### WORK TASK
Copy the entries exactly, through the "Procreate Stamps Boho" line.

### RECORDED INFORMATION

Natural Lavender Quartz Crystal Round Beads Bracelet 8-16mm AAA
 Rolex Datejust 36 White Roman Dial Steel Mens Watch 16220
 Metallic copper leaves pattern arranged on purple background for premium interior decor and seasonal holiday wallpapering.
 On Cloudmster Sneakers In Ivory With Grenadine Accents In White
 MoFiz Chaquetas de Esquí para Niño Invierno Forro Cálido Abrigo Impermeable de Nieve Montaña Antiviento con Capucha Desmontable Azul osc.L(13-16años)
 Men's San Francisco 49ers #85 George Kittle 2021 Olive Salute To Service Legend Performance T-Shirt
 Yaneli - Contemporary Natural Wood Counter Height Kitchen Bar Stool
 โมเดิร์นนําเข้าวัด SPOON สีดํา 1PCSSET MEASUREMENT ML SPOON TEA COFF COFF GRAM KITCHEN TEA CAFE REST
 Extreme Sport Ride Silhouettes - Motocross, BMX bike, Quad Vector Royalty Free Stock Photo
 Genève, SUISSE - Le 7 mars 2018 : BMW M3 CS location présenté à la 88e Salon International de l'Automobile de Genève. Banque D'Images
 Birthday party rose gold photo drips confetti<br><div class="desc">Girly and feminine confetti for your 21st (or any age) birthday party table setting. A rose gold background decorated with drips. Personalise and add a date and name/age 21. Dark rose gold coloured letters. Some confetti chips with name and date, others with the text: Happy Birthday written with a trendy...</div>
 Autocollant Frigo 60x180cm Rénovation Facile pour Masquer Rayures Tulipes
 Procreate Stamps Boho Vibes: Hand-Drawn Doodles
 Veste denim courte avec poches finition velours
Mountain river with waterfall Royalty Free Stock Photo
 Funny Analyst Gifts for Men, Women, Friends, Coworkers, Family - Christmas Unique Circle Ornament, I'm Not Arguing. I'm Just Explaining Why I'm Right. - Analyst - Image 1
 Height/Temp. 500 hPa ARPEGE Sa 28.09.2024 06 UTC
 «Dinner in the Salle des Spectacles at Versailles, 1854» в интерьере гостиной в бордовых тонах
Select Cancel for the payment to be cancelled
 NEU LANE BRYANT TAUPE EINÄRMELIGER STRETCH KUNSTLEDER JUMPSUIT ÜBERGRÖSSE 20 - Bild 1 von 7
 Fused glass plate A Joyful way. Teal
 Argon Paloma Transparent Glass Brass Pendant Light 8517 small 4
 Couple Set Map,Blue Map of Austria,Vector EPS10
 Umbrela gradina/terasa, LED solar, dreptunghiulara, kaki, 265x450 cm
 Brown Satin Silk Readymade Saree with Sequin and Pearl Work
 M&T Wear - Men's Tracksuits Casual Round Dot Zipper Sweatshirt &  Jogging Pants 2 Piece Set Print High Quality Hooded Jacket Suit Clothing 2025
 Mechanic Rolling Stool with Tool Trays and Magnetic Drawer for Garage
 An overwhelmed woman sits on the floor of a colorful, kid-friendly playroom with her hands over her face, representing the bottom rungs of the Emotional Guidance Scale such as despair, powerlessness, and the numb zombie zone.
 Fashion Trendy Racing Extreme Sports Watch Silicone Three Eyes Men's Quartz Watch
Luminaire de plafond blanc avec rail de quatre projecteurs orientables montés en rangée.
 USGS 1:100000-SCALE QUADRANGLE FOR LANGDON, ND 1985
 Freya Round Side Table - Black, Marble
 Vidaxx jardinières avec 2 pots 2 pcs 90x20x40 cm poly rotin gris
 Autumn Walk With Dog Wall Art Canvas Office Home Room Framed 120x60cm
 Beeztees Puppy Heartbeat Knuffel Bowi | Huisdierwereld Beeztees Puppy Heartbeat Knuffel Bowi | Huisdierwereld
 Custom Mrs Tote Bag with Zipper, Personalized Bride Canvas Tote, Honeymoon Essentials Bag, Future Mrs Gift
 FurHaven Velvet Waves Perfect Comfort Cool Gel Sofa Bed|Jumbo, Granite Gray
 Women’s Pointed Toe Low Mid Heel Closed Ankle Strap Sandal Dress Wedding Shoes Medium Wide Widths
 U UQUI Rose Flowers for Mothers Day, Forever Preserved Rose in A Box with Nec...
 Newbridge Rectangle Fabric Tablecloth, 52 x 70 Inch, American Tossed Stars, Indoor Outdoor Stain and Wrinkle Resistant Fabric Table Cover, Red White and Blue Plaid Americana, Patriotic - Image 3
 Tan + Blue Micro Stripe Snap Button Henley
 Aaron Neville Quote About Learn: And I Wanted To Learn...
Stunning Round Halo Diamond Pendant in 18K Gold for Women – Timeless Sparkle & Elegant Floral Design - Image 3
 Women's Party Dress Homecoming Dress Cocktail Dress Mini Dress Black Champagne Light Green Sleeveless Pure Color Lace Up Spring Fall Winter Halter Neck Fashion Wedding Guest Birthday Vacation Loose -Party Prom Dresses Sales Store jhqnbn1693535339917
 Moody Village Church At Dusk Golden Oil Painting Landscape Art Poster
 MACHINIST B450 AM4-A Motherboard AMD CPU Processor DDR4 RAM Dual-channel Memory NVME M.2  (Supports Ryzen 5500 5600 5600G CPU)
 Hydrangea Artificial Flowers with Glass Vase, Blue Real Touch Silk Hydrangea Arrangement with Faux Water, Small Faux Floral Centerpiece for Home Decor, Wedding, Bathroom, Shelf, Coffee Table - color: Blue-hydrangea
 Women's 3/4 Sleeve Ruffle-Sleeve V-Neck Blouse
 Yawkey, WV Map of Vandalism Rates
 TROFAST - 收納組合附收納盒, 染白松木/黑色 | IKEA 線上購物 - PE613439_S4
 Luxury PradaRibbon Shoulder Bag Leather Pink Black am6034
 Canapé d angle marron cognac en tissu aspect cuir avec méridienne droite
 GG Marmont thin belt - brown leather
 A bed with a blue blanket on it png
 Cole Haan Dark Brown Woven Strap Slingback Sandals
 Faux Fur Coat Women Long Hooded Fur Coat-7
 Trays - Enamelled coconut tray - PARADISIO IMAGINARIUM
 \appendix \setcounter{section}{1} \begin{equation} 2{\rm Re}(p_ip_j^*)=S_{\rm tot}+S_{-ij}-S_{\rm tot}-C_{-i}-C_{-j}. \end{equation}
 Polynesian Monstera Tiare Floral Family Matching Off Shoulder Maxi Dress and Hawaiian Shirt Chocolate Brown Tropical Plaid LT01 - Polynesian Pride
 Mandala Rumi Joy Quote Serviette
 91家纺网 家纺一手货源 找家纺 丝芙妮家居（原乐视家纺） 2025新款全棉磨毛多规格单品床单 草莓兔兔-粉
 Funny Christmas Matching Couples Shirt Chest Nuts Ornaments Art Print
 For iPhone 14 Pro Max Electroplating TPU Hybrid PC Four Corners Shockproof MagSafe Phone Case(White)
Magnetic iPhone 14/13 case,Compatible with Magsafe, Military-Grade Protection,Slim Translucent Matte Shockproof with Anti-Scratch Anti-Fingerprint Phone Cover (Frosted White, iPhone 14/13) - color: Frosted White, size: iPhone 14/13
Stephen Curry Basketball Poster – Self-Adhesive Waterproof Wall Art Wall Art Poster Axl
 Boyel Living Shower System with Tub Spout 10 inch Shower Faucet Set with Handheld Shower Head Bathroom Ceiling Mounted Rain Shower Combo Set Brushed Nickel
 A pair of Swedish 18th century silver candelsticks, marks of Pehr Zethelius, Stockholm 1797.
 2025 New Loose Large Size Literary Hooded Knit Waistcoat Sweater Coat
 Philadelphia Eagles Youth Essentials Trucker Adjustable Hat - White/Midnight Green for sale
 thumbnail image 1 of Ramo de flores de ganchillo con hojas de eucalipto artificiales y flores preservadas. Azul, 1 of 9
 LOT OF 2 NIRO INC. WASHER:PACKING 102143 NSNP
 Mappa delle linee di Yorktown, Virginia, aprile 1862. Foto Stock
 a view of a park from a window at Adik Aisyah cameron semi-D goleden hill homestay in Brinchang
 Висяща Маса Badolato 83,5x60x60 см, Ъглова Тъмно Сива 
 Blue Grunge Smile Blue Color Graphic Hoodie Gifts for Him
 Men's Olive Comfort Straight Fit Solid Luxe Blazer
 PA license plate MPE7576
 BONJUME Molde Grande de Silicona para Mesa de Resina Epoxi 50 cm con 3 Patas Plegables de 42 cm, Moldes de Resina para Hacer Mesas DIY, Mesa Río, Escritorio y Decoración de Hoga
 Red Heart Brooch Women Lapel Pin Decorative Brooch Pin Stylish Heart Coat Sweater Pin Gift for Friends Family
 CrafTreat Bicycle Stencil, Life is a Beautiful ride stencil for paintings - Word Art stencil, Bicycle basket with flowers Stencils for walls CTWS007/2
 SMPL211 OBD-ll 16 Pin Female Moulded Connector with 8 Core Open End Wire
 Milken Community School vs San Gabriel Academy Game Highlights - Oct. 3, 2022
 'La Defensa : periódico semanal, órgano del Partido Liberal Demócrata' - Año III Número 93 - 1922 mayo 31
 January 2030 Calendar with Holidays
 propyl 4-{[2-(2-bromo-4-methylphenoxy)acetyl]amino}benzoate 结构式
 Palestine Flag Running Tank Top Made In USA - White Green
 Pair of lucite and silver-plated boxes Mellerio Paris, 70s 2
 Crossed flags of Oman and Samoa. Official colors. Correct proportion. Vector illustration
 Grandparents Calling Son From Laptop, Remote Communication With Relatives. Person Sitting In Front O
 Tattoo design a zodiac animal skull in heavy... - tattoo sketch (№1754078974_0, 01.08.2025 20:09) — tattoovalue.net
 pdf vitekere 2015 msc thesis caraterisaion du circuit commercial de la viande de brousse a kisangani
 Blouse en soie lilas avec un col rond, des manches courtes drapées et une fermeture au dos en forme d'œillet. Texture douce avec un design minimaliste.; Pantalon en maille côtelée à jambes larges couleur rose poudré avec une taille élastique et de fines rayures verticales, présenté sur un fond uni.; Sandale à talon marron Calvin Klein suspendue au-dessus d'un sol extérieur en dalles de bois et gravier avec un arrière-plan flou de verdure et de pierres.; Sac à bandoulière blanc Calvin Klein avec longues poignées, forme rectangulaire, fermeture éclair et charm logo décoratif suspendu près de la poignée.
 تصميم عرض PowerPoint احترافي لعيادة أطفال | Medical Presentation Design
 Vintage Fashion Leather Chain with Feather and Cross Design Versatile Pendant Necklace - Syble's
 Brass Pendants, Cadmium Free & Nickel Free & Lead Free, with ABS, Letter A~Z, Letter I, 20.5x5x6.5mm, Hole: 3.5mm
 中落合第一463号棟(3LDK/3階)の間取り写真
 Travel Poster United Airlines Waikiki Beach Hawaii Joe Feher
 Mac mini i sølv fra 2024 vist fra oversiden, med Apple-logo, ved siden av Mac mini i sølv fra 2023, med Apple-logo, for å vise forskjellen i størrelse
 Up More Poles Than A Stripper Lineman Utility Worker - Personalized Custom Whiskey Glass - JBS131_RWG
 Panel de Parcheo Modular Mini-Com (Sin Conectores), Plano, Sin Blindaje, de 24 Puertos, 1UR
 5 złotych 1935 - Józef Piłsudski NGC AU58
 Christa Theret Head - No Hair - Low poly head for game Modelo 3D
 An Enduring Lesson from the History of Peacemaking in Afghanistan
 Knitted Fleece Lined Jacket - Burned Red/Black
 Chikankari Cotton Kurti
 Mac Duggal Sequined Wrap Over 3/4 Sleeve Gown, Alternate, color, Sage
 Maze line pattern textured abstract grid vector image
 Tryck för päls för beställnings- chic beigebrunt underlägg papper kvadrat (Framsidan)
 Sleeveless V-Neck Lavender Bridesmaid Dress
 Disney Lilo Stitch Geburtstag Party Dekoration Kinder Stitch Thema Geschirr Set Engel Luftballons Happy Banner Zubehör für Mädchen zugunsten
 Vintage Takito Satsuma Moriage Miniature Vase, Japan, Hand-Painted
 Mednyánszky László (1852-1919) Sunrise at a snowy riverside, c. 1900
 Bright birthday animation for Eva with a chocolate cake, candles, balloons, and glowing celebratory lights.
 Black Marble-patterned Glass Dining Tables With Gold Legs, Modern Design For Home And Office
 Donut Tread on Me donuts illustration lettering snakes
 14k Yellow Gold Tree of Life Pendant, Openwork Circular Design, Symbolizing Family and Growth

### THE COMPLETED TASK
Natural Lavender Quartz Crystal Round Beads Bracelet 8-16mm AAA
 Rolex Datejust 36 White Roman Dial Steel Mens Watch 16220
 Metallic copper leaves pattern arranged on purple background for premium interior decor and seasonal holiday wallpapering.
 On Cloudmster Sneakers In Ivory With Grenadine Accents In White
 MoFiz Chaquetas de Esquí para Niño Invierno Forro Cálido Abrigo Impermeable de Nieve Montaña Antiviento con Capucha Desmontable Azul osc.L(13-16años)
 Men's San Francisco 49ers #85 George Kittle 2021 Olive Salute To Service Legend Performance T-Shirt
 Yaneli - Contemporary Natural Wood Counter Height Kitchen Bar Stool
 โมเดิร์นนําเข้าวัด SPOON สีดํา 1PCSSET MEASUREMENT ML SPOON TEA COFF COFF GRAM KITCHEN TEA CAFE REST
 Extreme Sport Ride Silhouettes - Motocross, BMX bike, Quad Vector Royalty Free Stock Photo
 Genève, SUISSE - Le 7 mars 2018 : BMW M3 CS location présenté à la 88e Salon International de l'Automobile de Genève. Banque D'Images
 Birthday party rose gold photo drips confetti<br><div class="desc">Girly and feminine confetti for your 21st (or any age) birthday party table setting. A rose gold background decorated with drips. Personalise and add a date and name/age 21. Dark rose gold coloured letters. Some confetti chips with name and date, others with the text: Happy Birthday written with a trendy...</div>
 Autocollant Frigo 60x180cm Rénovation Facile pour Masquer Rayures Tulipes
 Procreate Stamps Boho Vibes: Hand-Drawn Doodles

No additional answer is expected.